NORTON SHORES, Mich. (WZZM) -- Her face has been on TV, online, and in the newspaper for 10 days and despite the publicity, Jessica Heeringa remains missing.
"We're quite confident about the timeline, about the silver minivan," said Norton Shores Police Detective Sergeant Michael Shaw.
The 25-year-old mother disappeared from the Exxon gas station on Sternberg Road in Norton Shores on April 26.
"We know everything in my opinion except for the who right now," he said. And that's what's eating at Sergeant Kasher. "Disappointed in yourself and disappointed in how things have turned out-- it's always around you."
But Kasher is more disappointed in who he believes may be withholding information. "Somewhere along the line, that time around 11 p.m., the disappearance-- I truly believe someone knows something," he said.
"And I don't know the reason, but they don't want to come forward. Maybe it's their son, nephew, and they don't want to be involved." Or Sgt. Kasher says, maybe they have a record of their own. "We're not looking to get someone on some other charge, we're looking to get Jessica," he said.

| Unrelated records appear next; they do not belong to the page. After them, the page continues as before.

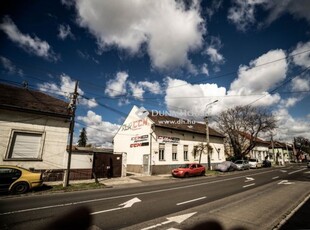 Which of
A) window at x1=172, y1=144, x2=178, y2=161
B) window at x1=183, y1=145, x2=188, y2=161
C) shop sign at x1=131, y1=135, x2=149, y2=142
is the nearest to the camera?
shop sign at x1=131, y1=135, x2=149, y2=142

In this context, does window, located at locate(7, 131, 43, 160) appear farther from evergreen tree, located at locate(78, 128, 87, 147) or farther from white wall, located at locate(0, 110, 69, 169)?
evergreen tree, located at locate(78, 128, 87, 147)

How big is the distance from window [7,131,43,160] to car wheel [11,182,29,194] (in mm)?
5263

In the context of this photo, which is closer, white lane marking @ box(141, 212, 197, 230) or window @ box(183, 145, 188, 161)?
white lane marking @ box(141, 212, 197, 230)

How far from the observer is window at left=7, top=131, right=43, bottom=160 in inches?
599

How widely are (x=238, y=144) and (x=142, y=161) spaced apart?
81.6 ft

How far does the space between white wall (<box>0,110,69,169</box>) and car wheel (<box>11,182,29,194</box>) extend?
16.5 feet

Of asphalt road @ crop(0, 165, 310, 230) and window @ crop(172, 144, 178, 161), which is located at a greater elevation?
window @ crop(172, 144, 178, 161)

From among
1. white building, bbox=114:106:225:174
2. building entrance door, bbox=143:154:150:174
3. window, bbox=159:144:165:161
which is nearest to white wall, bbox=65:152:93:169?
building entrance door, bbox=143:154:150:174

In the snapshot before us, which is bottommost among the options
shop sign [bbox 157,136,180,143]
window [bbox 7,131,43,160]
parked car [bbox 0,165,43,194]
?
parked car [bbox 0,165,43,194]

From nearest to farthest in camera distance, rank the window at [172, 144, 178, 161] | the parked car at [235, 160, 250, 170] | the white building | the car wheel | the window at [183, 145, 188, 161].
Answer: the car wheel, the white building, the window at [172, 144, 178, 161], the window at [183, 145, 188, 161], the parked car at [235, 160, 250, 170]

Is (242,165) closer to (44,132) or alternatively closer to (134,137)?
(134,137)

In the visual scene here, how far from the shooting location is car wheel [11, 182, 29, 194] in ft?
35.1

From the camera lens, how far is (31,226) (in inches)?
211

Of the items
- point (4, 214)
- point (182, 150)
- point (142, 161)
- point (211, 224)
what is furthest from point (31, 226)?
point (182, 150) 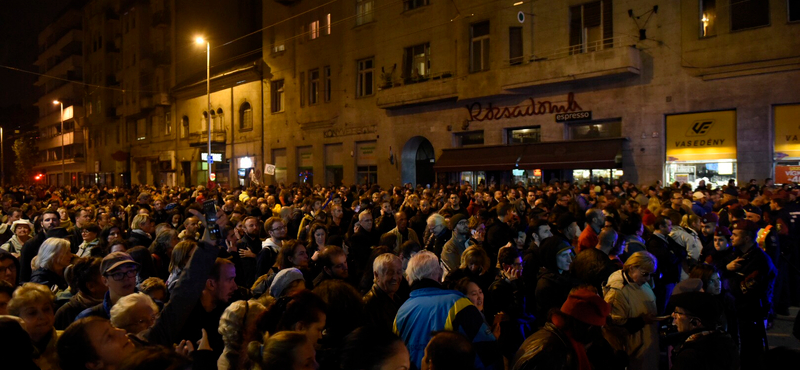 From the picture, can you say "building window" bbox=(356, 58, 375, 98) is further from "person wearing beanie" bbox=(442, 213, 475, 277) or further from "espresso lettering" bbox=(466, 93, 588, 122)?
"person wearing beanie" bbox=(442, 213, 475, 277)

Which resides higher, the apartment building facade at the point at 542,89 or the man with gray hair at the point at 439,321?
the apartment building facade at the point at 542,89

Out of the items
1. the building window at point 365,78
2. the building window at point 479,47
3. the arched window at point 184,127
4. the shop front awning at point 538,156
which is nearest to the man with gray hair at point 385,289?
the shop front awning at point 538,156

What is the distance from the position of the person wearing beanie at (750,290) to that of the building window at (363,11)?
81.8 feet

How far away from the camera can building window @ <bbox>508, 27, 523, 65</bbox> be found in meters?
23.0

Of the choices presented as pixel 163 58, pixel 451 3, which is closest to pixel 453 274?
pixel 451 3

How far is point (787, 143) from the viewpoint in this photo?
55.7 ft

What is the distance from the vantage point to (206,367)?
3221mm

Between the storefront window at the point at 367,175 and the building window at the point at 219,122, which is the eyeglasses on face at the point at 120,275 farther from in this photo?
the building window at the point at 219,122

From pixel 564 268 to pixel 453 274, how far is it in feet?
3.91

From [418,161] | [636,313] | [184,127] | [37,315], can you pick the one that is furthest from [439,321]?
[184,127]

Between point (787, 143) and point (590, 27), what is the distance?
783cm

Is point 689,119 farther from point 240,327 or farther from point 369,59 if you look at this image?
point 240,327

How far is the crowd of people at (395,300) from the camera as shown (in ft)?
9.18

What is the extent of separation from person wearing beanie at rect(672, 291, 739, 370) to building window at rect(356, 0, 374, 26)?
2700 cm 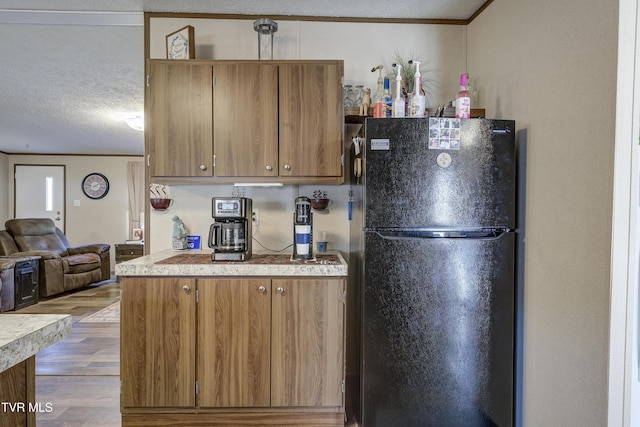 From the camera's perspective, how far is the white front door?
23.2 feet

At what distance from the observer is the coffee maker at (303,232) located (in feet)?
6.45

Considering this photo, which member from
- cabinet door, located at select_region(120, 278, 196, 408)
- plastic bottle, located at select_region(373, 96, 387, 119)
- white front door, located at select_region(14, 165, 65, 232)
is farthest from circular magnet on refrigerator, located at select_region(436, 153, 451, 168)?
white front door, located at select_region(14, 165, 65, 232)

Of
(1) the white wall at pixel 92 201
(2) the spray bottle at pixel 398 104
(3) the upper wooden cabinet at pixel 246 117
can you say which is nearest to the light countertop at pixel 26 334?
(3) the upper wooden cabinet at pixel 246 117

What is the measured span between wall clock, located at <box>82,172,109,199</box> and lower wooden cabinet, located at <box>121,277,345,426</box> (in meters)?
6.33

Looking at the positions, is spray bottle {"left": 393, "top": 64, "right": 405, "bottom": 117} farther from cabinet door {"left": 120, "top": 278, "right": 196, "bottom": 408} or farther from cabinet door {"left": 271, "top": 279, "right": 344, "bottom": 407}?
cabinet door {"left": 120, "top": 278, "right": 196, "bottom": 408}

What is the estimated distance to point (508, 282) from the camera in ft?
5.55

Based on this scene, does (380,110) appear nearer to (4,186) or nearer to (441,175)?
(441,175)

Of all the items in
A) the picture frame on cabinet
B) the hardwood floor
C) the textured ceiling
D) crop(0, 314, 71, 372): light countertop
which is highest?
the textured ceiling

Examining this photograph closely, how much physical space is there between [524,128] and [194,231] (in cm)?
193

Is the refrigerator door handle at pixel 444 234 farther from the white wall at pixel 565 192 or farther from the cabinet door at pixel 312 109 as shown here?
the cabinet door at pixel 312 109

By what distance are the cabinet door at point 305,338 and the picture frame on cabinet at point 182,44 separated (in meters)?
1.39

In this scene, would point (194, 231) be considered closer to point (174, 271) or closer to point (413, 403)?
point (174, 271)

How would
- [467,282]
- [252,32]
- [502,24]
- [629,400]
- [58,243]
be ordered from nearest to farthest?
[629,400], [467,282], [502,24], [252,32], [58,243]

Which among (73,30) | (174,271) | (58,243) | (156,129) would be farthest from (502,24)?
(58,243) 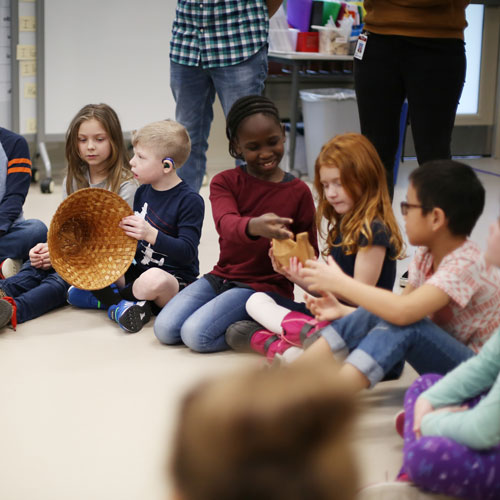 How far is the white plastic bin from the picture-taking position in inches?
187

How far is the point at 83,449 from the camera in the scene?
64.1 inches

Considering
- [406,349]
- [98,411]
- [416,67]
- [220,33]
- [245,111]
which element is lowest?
[98,411]

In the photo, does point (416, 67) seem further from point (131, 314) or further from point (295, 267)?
point (131, 314)

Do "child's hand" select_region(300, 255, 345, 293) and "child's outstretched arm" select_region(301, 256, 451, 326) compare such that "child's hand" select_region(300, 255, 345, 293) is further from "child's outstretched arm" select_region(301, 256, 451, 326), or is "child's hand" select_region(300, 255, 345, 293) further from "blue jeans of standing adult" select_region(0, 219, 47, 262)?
"blue jeans of standing adult" select_region(0, 219, 47, 262)

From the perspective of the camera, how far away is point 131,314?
2330 mm

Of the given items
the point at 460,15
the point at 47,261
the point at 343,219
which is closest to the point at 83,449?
the point at 343,219

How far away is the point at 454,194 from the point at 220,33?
1669 millimetres

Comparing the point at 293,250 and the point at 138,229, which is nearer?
the point at 293,250

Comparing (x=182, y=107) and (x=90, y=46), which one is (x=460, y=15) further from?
(x=90, y=46)

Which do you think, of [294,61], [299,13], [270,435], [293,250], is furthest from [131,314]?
[299,13]

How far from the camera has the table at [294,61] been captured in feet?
15.3

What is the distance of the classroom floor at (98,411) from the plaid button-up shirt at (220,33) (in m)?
1.12

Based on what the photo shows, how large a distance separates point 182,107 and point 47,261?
3.11 ft

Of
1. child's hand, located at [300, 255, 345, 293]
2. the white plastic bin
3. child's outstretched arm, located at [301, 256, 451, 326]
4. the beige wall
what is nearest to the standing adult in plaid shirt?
child's hand, located at [300, 255, 345, 293] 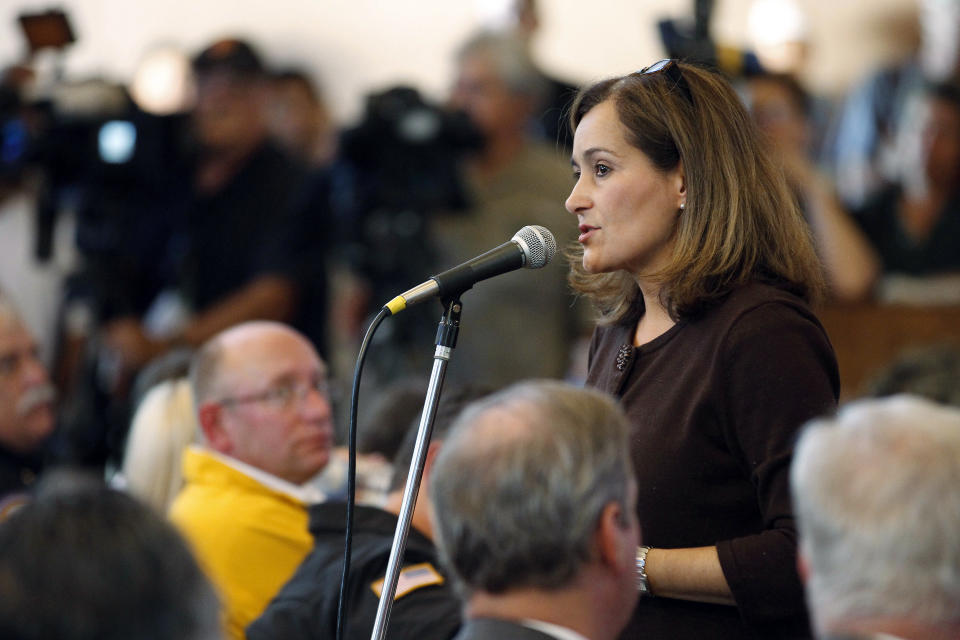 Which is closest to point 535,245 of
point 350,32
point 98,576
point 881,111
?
point 98,576

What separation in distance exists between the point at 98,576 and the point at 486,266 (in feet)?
2.78

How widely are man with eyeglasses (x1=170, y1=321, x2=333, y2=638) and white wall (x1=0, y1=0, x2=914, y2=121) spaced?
4675mm

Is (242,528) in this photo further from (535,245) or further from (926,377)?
(926,377)

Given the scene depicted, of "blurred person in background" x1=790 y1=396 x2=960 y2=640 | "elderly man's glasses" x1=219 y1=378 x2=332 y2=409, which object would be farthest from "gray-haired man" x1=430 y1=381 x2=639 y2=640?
"elderly man's glasses" x1=219 y1=378 x2=332 y2=409

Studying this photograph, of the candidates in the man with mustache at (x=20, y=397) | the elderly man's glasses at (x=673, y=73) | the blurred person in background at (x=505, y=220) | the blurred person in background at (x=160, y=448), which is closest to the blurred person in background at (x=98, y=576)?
the elderly man's glasses at (x=673, y=73)

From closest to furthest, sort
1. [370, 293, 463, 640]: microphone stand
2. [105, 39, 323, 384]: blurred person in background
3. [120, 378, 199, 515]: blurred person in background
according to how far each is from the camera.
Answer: [370, 293, 463, 640]: microphone stand → [120, 378, 199, 515]: blurred person in background → [105, 39, 323, 384]: blurred person in background

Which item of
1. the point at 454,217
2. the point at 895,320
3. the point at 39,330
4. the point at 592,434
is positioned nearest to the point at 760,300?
the point at 592,434

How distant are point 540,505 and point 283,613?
972 millimetres

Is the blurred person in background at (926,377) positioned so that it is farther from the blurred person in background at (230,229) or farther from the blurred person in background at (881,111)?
the blurred person in background at (881,111)

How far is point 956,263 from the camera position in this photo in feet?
15.6

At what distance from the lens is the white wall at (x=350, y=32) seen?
25.5ft

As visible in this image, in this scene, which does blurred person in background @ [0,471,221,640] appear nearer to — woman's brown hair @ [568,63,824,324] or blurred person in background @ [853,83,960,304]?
woman's brown hair @ [568,63,824,324]

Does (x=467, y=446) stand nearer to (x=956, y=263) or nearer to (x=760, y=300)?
(x=760, y=300)

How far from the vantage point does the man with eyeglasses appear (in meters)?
2.95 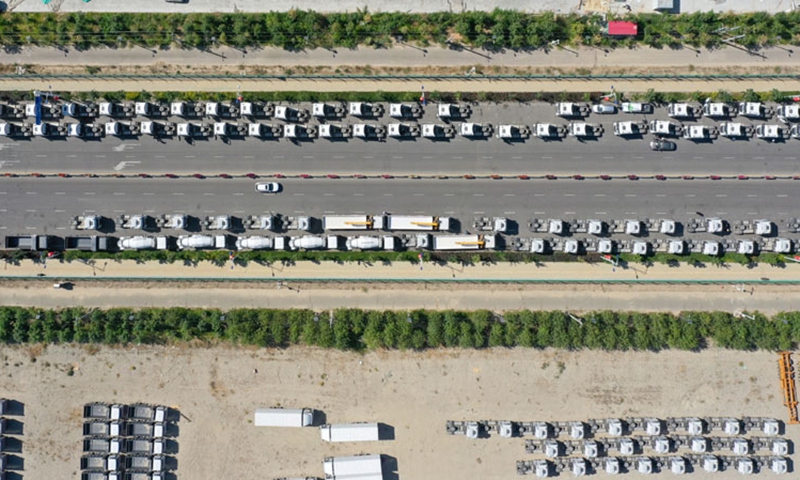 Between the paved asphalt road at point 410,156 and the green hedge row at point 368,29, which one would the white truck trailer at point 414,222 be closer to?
the paved asphalt road at point 410,156

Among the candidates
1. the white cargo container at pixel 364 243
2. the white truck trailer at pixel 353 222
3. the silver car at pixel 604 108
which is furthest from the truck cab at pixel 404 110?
the silver car at pixel 604 108

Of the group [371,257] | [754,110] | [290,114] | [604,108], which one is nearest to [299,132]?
[290,114]

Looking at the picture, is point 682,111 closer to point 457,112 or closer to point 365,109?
point 457,112

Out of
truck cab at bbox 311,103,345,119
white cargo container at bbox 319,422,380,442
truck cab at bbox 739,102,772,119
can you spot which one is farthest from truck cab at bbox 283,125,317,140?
truck cab at bbox 739,102,772,119

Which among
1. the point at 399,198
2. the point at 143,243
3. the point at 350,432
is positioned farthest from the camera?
the point at 399,198

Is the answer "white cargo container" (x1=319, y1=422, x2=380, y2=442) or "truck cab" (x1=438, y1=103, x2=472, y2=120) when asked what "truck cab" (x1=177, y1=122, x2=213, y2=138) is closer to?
"truck cab" (x1=438, y1=103, x2=472, y2=120)

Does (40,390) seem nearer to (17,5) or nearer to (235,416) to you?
(235,416) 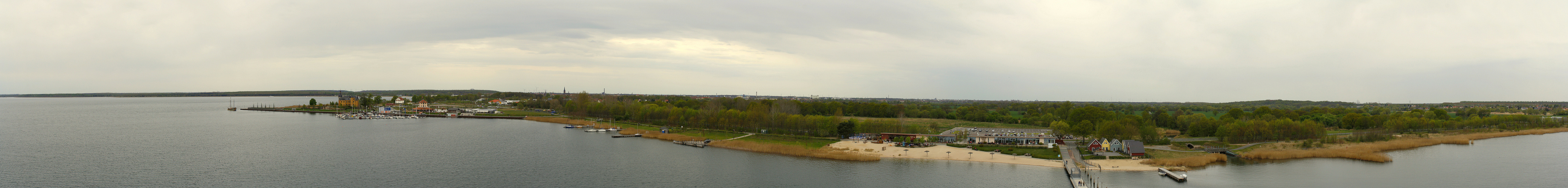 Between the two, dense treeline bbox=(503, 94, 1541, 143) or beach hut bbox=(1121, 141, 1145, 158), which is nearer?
beach hut bbox=(1121, 141, 1145, 158)

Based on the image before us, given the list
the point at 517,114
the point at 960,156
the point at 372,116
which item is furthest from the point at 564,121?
the point at 960,156

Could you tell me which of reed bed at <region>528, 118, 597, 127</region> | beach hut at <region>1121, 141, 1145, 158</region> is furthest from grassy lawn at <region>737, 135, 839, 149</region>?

"I guess if you don't have the heart to do that, and you're still worried about the police coming after you, let's not fear that part of it," said Kasher.
On the flip side, Kasher says there is information police won't share with the public because it may hinder their investigation.
"You start leaking things out and you start getting some false tips. And then we get someone in custody, we do want to go over that fine timeline or we want to go over that evidence because they'll know about that evidence."
But until police track down that evidence on their own, or through the help of someone else, the paperwork pile will continue to grow. And Jessica's family will continue to wait, and hope.
"There's nothing good about this case because we're missing a 25-year-old mom, daughter, family member and friend," Kasher said.
But he says his department has put every ounce of energy forward to solve this case, and they'll continue to do so.
"And by all accounts with the FBI and state police, it appears we have done exactly what they would have done. I was given the comment by one of the FBI agents there's nothing different they would have done, then what we have done from then to now."
The FBI and Secret Service are still helping with the case, but Sgt. Kasher says there's no more the FBI can do unless police can prove Heeringa and her alleged abductor passed state lines.
Sgt. Kasher asks anyone out there that is withholding information to call the police station and ask for him. He says you don't need to give your name, just the information.